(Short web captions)
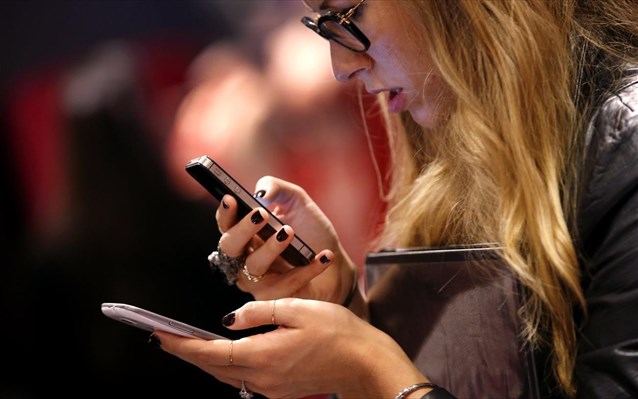 Το κόλπο που θα σας «σώσει»: Έτσι θα καταλάβετε αν παρακολουθούν το κινητό σας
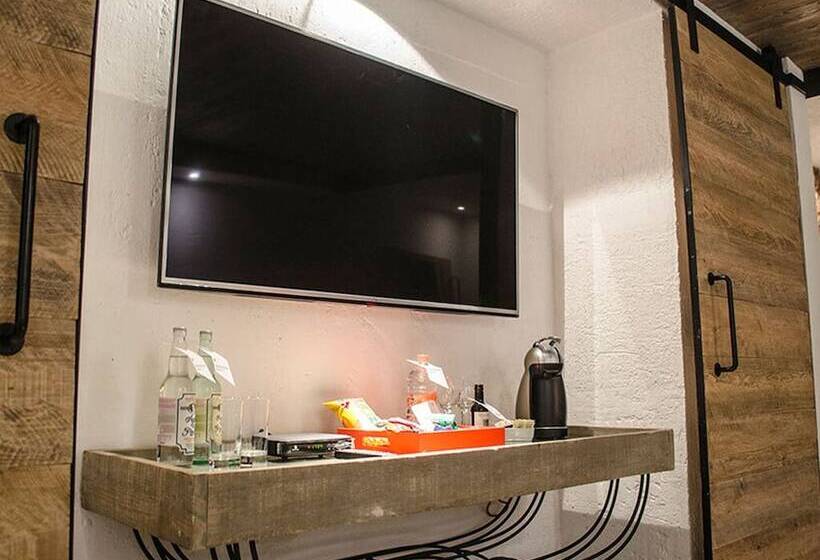 デラックスジュニアスイート, Nehotel Nueva Estancia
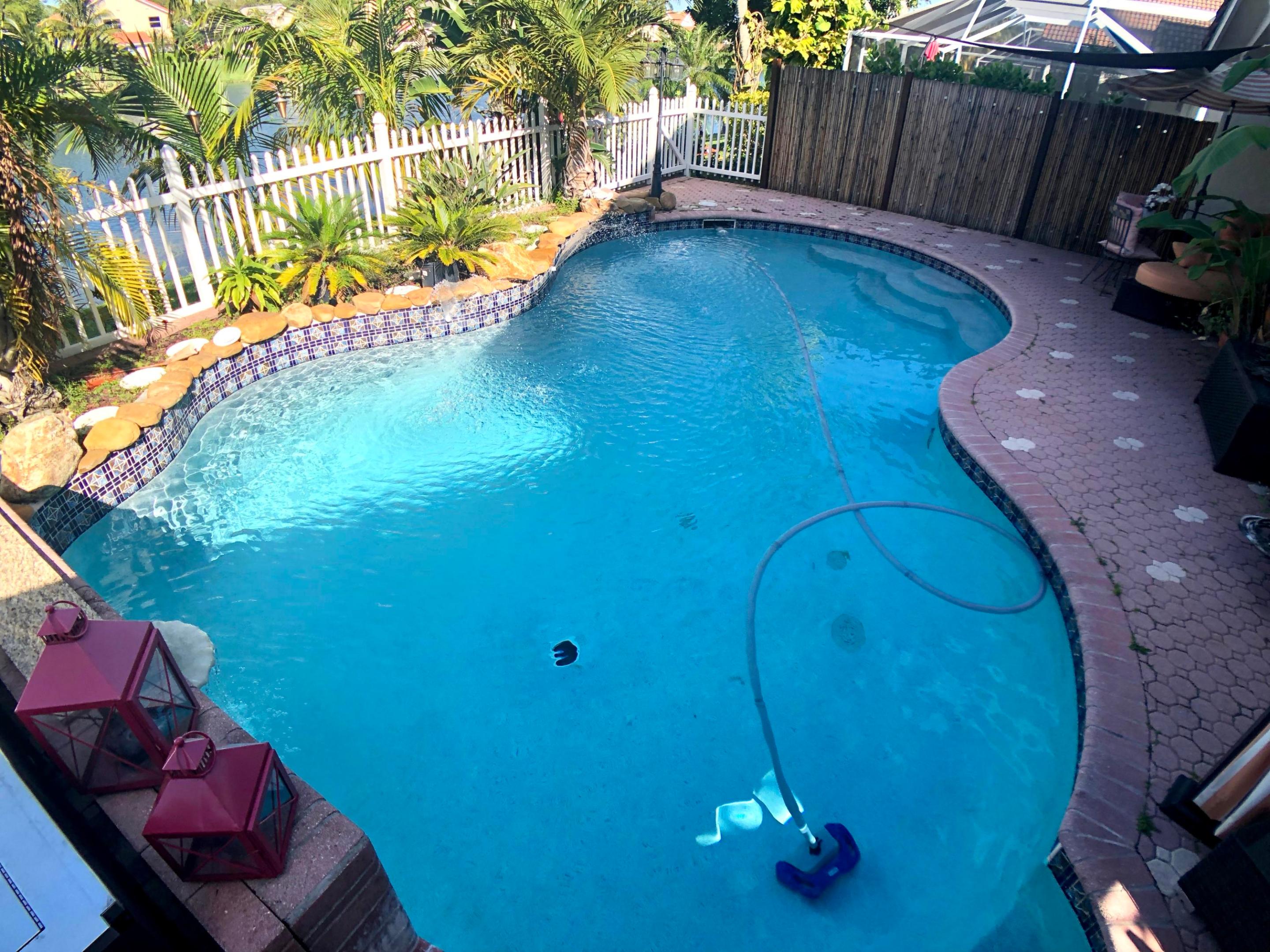 HOLIDAY SPRINGS EAST - Residential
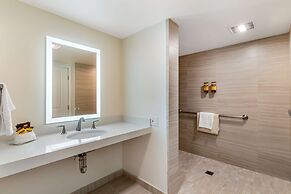 Best Western Plus Monterey Inn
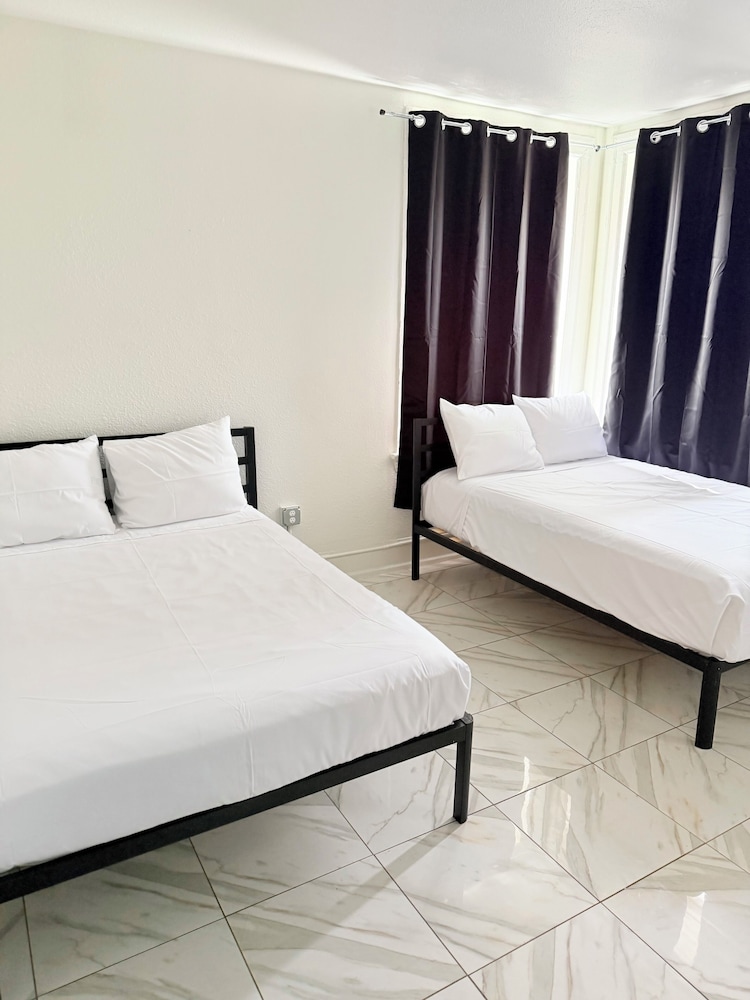 Adrian Hotel 29/66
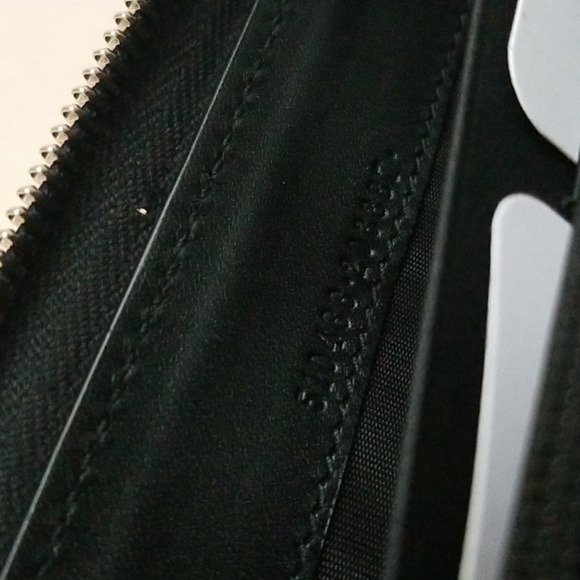 New Gucci Guccy Script Zip-Around Wallet - Picture 13 of 16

*THE TASK*. Would you return the records exactly as written, minus any image?

*SOLUTION TO THIS EXERCISE*.
 Το κόλπο που θα σας «σώσει»: Έτσι θα καταλάβετε αν παρακολουθούν το κινητό σας
 デラックスジュニアスイート, Nehotel Nueva Estancia
 HOLIDAY SPRINGS EAST - Residential
 Best Western Plus Monterey Inn
 Adrian Hotel 29/66
 New Gucci Guccy Script Zip-Around Wallet - Picture 13 of 16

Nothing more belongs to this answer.